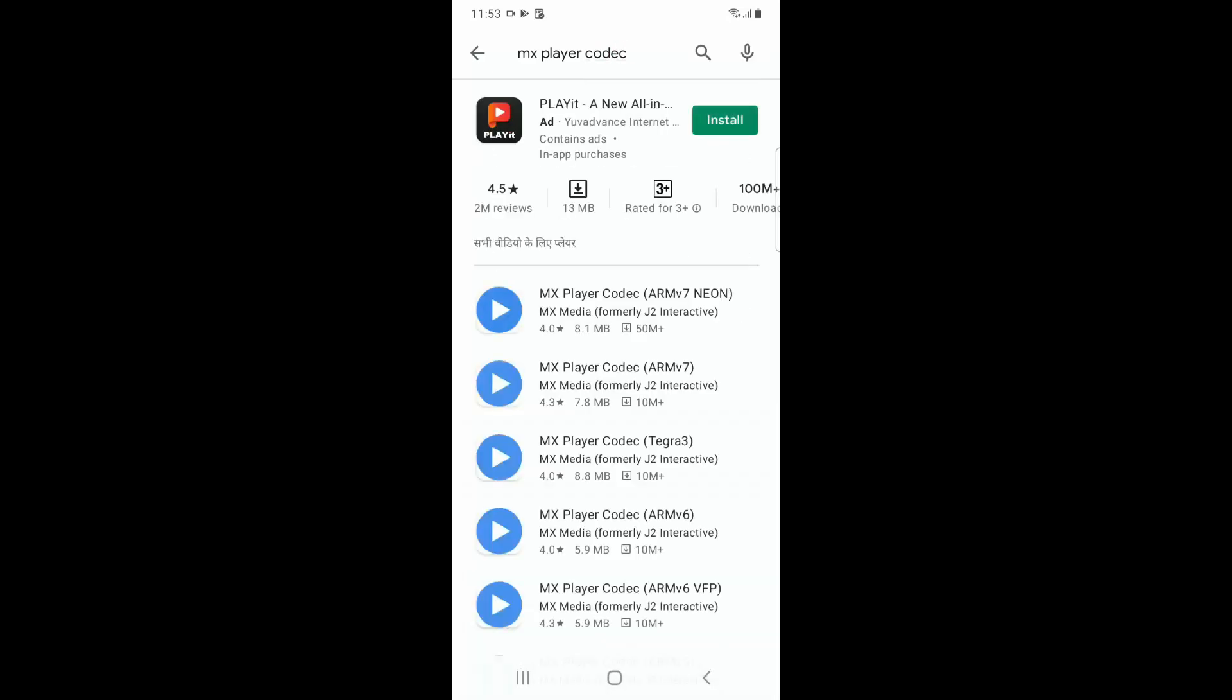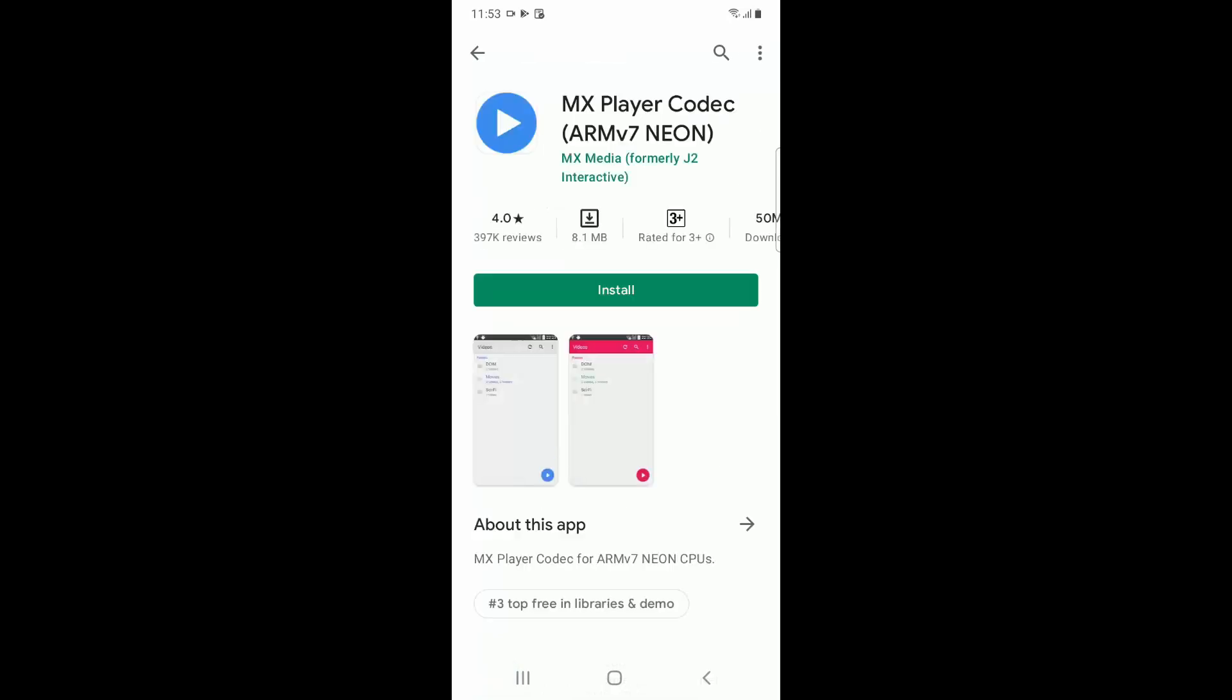Once you're there, you can see the first option ARM v7 NEON. Click on that, then click on install.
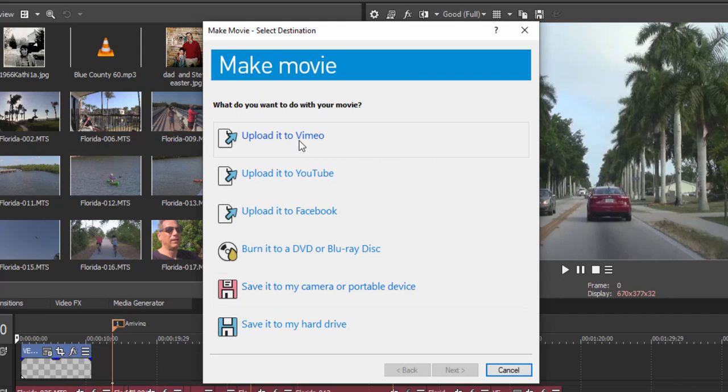For instance, if you want to upload it to Vimeo, YouTube, or Facebook, the program will interface with those websites and you can upload an optimized video directly to them.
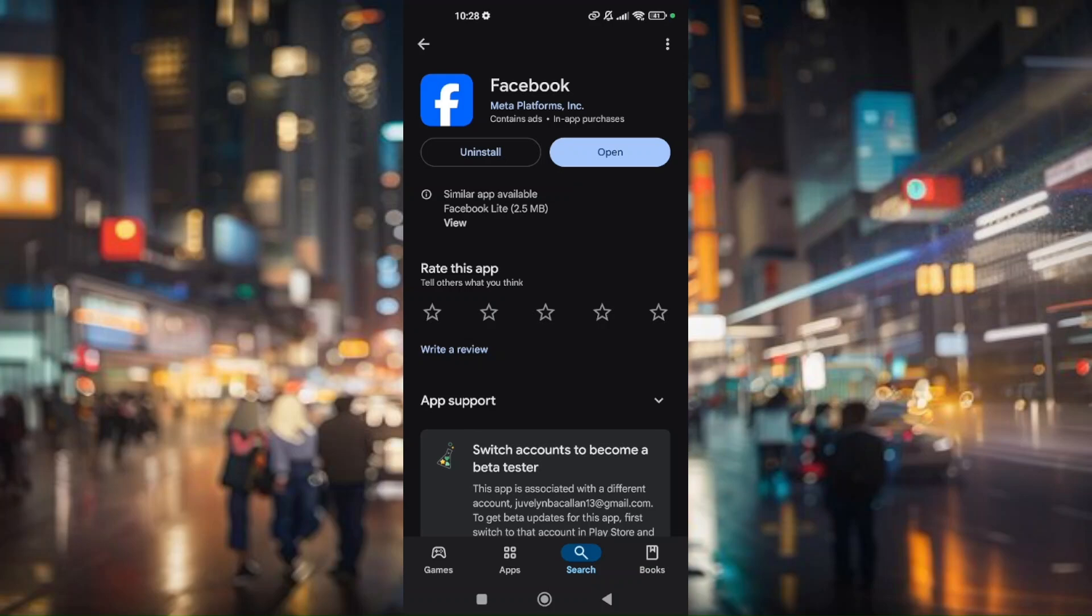If there is an update button showing there, all you have to do is tap on that and then your Facebook will automatically update by itself. Once your Facebook is fully updated to the latest version,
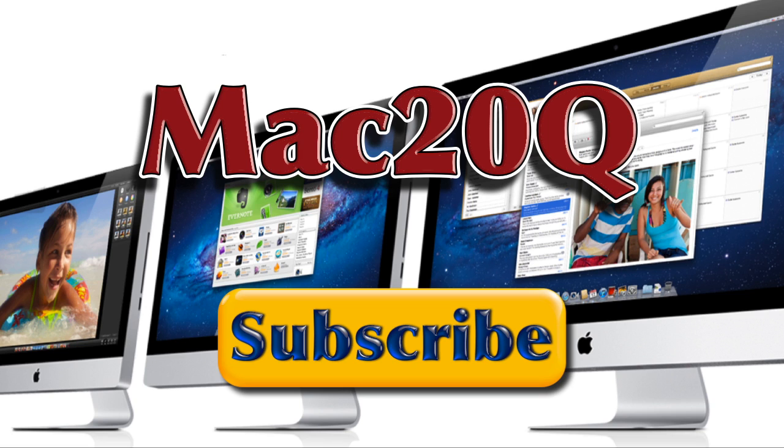Do have a look at the other Mac 20 questions videos about iBooks author and all my other videos too. Before you go don't forget to hit that like button and if you tap on the subscribe button now you'll be able to know about all of the Mac 20 Q videos as soon as they become available. Bye-bye now.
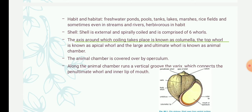Pila is also found in paddy fields and can live on land, so it is an amphibious animal — found in both aquatic and terrestrial environments. They are adapted for both terrestrial respiration and aquatic respiration.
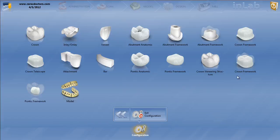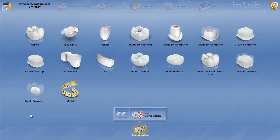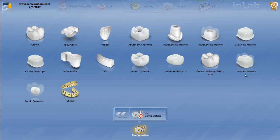Now you'll notice that specifically on the crown framework and pontic framework, you'll see these frameworks with a transparent full-contoured tooth over the top. These are the framework parameters used when using multilayer function, meaning when you design a single unit or a bridge in multilayer mode like CAD-ON or VETA rapid layer. When you reduce that full contour into the framework structure, these are the parameters for those frameworks.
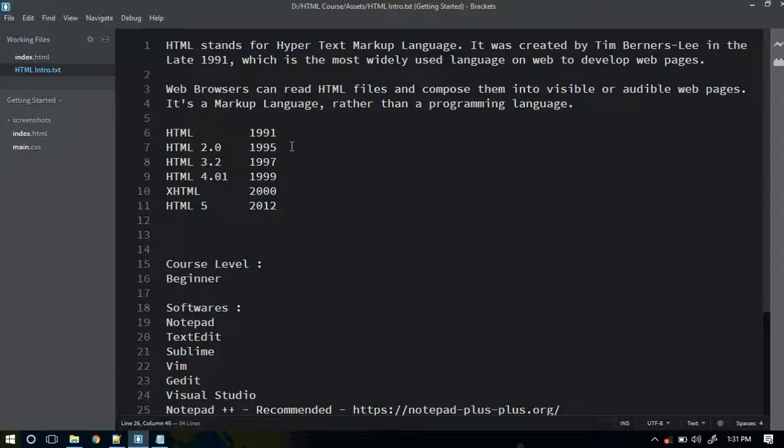Once we are in the media section of the HTML course, I'll tell you how to create audible web pages in which a certain audio will start playing automatically as soon as someone visits your website.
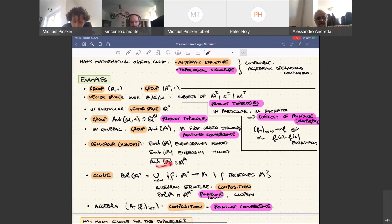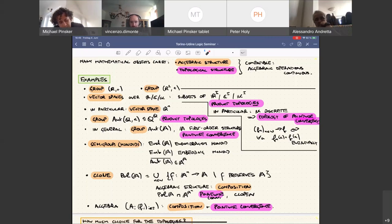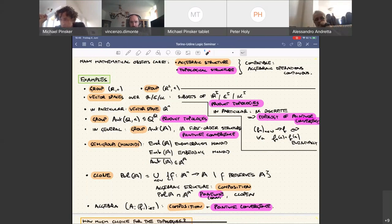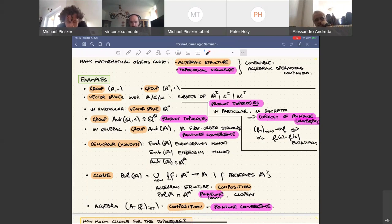If you take the automorphism group of a first-order structure and take its closure in the space of all functions from A to itself — note the automorphism group is not closed in that space — you get a monoid. For example, the closure of the full symmetric group in N^N is the set of all injective functions, which is a monoid with a semigroup structure and the pointwise convergence topology.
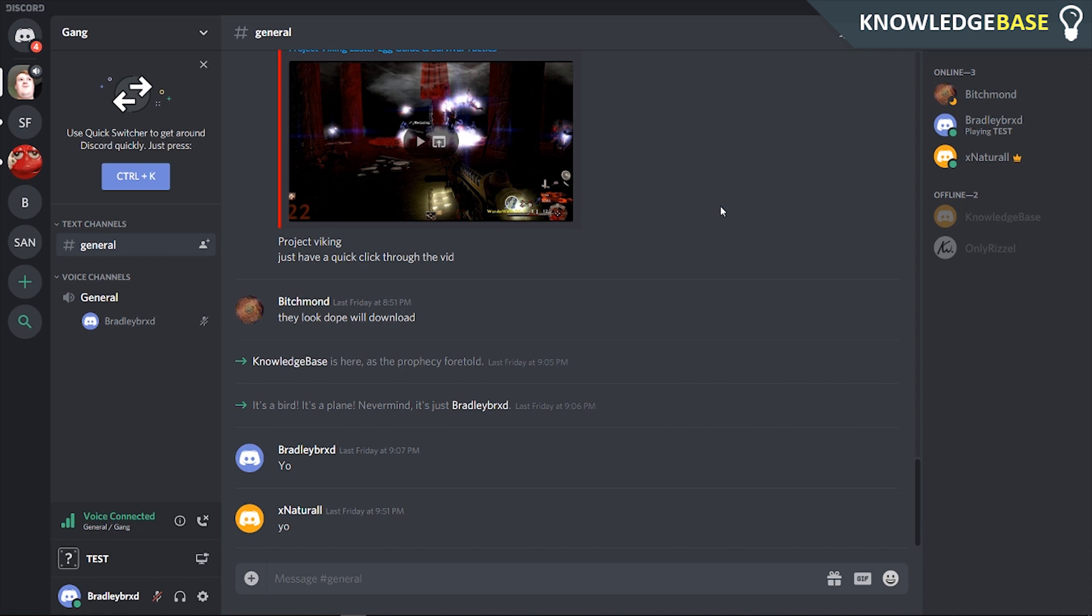A couple of days ago, Discord released its custom status feature, which basically allowed its users to share a status. Now I'm not a big Discord user, but I've done some research on this and this is what I've found.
________________
— TASK TO COMPLETE —
Restate it all word for word: every record, no pictures.

— RESPONSE TO THE TASK —
Once you're there, you can see the first option ARM v7 NEON. Click on that, then click on install.
For instance, if you want to upload it to Vimeo, YouTube, or Facebook, the program will interface with those websites and you can upload an optimized video directly to them.
If there is an update button showing there, all you have to do is tap on that and then your Facebook will automatically update by itself. Once your Facebook is fully updated to the latest version,
Do have a look at the other Mac 20 questions videos about iBooks author and all my other videos too. Before you go don't forget to hit that like button and if you tap on the subscribe button now you'll be able to know about all of the Mac 20 Q videos as soon as they become available. Bye-bye now.
Pila is also found in paddy fields and can live on land, so it is an amphibious animal — found in both aquatic and terrestrial environments. They are adapted for both terrestrial respiration and aquatic respiration.
Now you'll notice that specifically on the crown framework and pontic framework, you'll see these frameworks with a transparent full-contoured tooth over the top. These are the framework parameters used when using multilayer function, meaning when you design a single unit or a bridge in multilayer mode like CAD-ON or VETA rapid layer. When you reduce that full contour into the framework structure, these are the parameters for those frameworks.
Once we are in the media section of the HTML course, I'll tell you how to create audible web pages in which a certain audio will start playing automatically as soon as someone visits your website.
If you take the automorphism group of a first-order structure and take its closure in the space of all functions from A to itself — note the automorphism group is not closed in that space — you get a monoid. For example, the closure of the full symmetric group in N^N is the set of all injective functions, which is a monoid with a semigroup structure and the pointwise convergence topology.
A couple of days ago, Discord released its custom status feature, which basically allowed its users to share a status. Now I'm not a big Discord user, but I've done some research on this and this is what I've found.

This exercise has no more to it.